Non pas par devoir, mais par joie et par reconnaissance de donner après avoir tant reçu. Les protestants vivent en effet leur engagement comme une réponse à l’appel toujours premier de Dieu. Il n’y a pas de hiérarchie qui placerait certaines tâches au-dessus des autres dans le service de Dieu : chacun peut trouver une manière de lui rendre gloire comme il le souhaite ou le peut, selon les dons qui lui sont propres.

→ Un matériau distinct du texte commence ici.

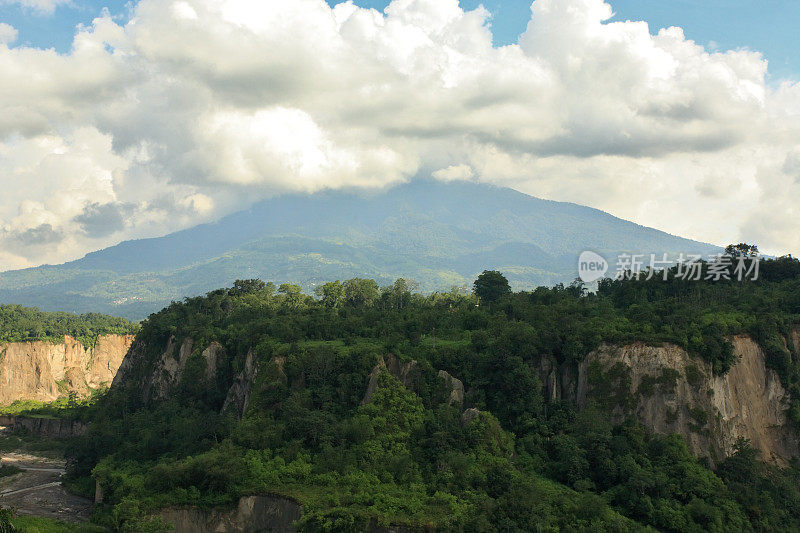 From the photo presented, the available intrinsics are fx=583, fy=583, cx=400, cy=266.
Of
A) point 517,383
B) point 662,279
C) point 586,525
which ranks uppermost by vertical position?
point 662,279

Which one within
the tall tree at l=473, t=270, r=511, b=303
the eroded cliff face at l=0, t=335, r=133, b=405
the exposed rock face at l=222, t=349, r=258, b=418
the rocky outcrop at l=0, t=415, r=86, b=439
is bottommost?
the rocky outcrop at l=0, t=415, r=86, b=439

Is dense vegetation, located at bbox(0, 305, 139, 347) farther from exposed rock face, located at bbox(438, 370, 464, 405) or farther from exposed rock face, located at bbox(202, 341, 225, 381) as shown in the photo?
exposed rock face, located at bbox(438, 370, 464, 405)

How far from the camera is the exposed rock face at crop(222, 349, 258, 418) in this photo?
42.8 meters

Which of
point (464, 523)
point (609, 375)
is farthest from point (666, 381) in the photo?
point (464, 523)

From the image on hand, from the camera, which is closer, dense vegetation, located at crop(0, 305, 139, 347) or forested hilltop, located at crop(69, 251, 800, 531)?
forested hilltop, located at crop(69, 251, 800, 531)

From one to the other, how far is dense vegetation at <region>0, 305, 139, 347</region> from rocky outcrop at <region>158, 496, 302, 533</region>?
266ft

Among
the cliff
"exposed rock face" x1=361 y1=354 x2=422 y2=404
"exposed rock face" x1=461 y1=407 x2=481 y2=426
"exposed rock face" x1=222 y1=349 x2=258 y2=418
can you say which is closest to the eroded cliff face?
"exposed rock face" x1=222 y1=349 x2=258 y2=418

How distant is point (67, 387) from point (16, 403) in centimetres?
1527

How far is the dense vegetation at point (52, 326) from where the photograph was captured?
9650 cm

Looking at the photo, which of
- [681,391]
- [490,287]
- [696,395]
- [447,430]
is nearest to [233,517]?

Et ceux de Christian Seckler sont évidents : la capacité à partager sa passion pour la musique aux plus petits comme aux plus grands, au service de l’Église d’abord, mais à travers l’Église, à toutes les personnes à qui il se consacre pour faire vivre le don que Dieu lui donné.

Culte cantate après culte cantate, Veillée de l’Avent après Veillée de l’Avent, Christian s’engage corps et âme en y mettant tout son cœur et sa personnalité attachante, et en acceptant, à un moment, de se retirer derrière ce qui advient : la beauté.

Comme l’écrit Benjamin Constant : « Il y a dans la contemplation du beau en tout genre quelque chose qui nous détache de nous-mêmes en nous faisant sentir que la perfection vaut mieux que nous ».

Dimanche dernier, dans une succession de témoignages émouvants, les pasteurs Michel Faullimmel ; Geoffroy Goetz ; Christian Krieger et moi-même avons pu exprimer à la fois notre sincère reconnaissance mais aussi notre joie d’avoir pu, et de continuer à œuvrer avec lui pour « vivre la foi par la musique et la musique par la foi » au sein de cette grande famille qu’est l’Église, et faire vivre ce diptyque protestant du Singen und Sagen qui permet à la théologie et la musique de se conjuguer pour la recherche de l’ultime.


Christian Seckler a su inscrire son engagement dans la durée « A la seule gloire de Dieu » comme Bach aimait signer ses partitions. Ce principe dument rappelé, ému et honoré, il a été récompensé de la « Médaille de la Collectivité européenne d’Alsace » par son vice-président Jean-Philippe Maurer, présent spécialement pour l’occasion. Il est beau et bon que l’Église arrive à rendre hommage aux hommes et au femmes qui lui consacrent leur temps et leur talent.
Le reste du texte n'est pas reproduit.